From Tokyo to San Francisco, investors are selling, selling, selling at a brisk clip on Monday as fears the inflationary wave sinking portfolios will become a tsunami.

Since Friday’s surprisingly high consumer price index (CPI) reading, in which inflation hit a 40-year-high in the world’s largest economy, global investors have rushed for the exits on assumptions that higher prices will plunge much of the developed world into a recession as consumers and businesses everywhere pull back.

BofA Securities warned on Friday that there was “nowhere to hide” for investors as inflation seeps into every corner of the economy. Those words hung over the markets again this morning. For a second straight session, investors were dumping bonds. They were offloading crypto. They were trimming their equity portfolios.

U.S. futures point to a rough open with the Nasdaq future contracts down 2.3% at 3 a.m. ET, implying a two-day drop of nearly 6%.

Over in Europe, stocks were awash in red, following Asia’s lead downward. The benchmark Europe Stoxx 600 fell 1% at the open as the euro tumbled and bond yield soared on concerns central banks will be forced to raise rates more aggressively to cool off soaring prices.

Zooming back to Friday’s CPI data dump, markets have been clobbered by investor fears.

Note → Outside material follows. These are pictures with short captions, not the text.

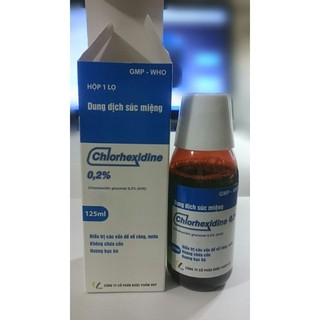 Dung dịch súc miệng họng Chlorhexidine
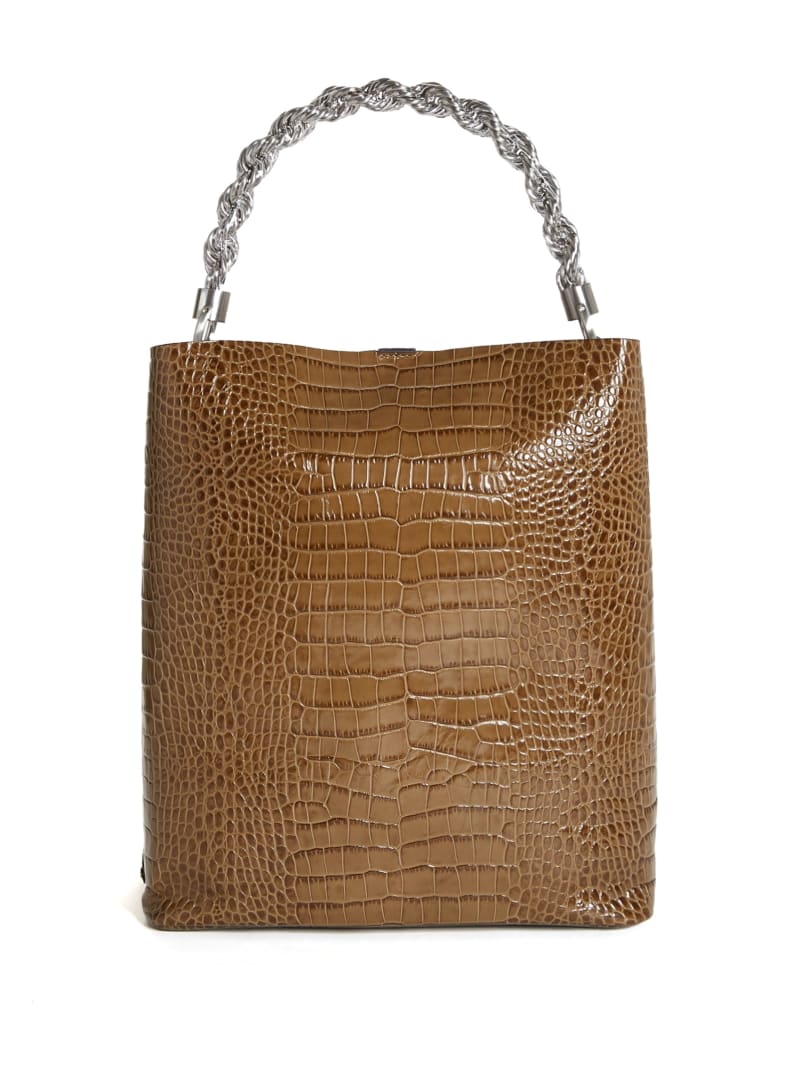 Guess Aida Croc Hobo Bag - Green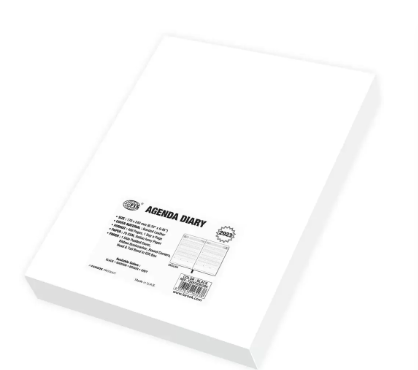 FIS Agenda Diary 2023 (English) Bonded Leather, 1-Side Padded, Black - FSDI75EB23BK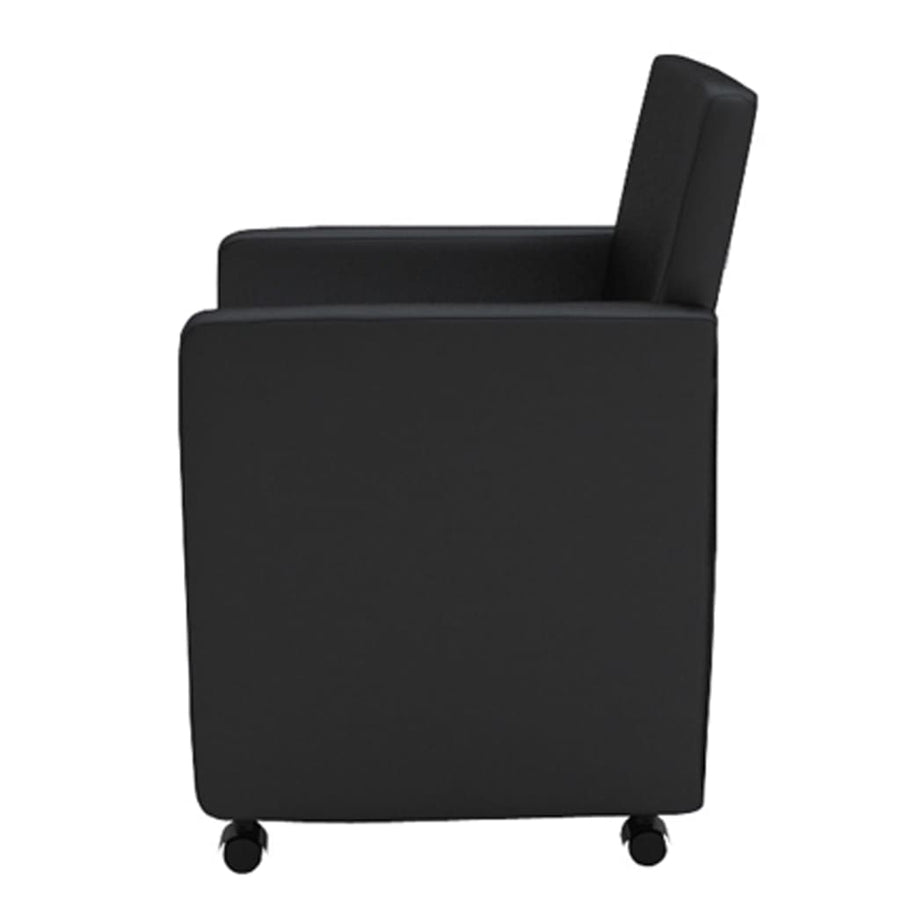 Eetkamerstoelen Kunstleer 4 Zwart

The worst performances can be found in the crypto space. Bitcoin and Ethereum's Ether tumbled over the weekend as investors pull back from all things crypto with inflation soaring. On Monday morning, Bitcoin fell below $25,000, a level it hasn't seen in 18 months.

The carnage in the markets sets up investors for a volatile stretch ahead of Wednesday's FOMC meeting. Wall Street now expects the Federal Reserve to raise interest rates by 50 points this week, and at the next session, which would make three consecutive 50-basis-point hikes.

Goldman Sachs revised its forecast for rate hikes, predicting the Fed will unload a further three 50-basis-point hikes in the next three rate-setting sessions. Former U.S. Treasury Secretary Lawrence Summer, who's been warning prices have been running too hot for months now, said investors could even see a hike as high as 75 basis points as the Fed tries to get inflation under control, a view shared by Deutsche Bank economists.

That kind of pessimism is influencing a dramatic selloff. Yields on the 10-year Treasury note have leaped by 15 basis points since Friday morning, and the dollar has taken off against other world currencies. This morning, the Japanese yen hit a 24-year-low against the dollar.

And the inflation story is hardly taking a reprieve this week. Tomorrow, investors will get the producer price index (PPI) and retail sales data on Friday, keeping the I-word in the spotlight.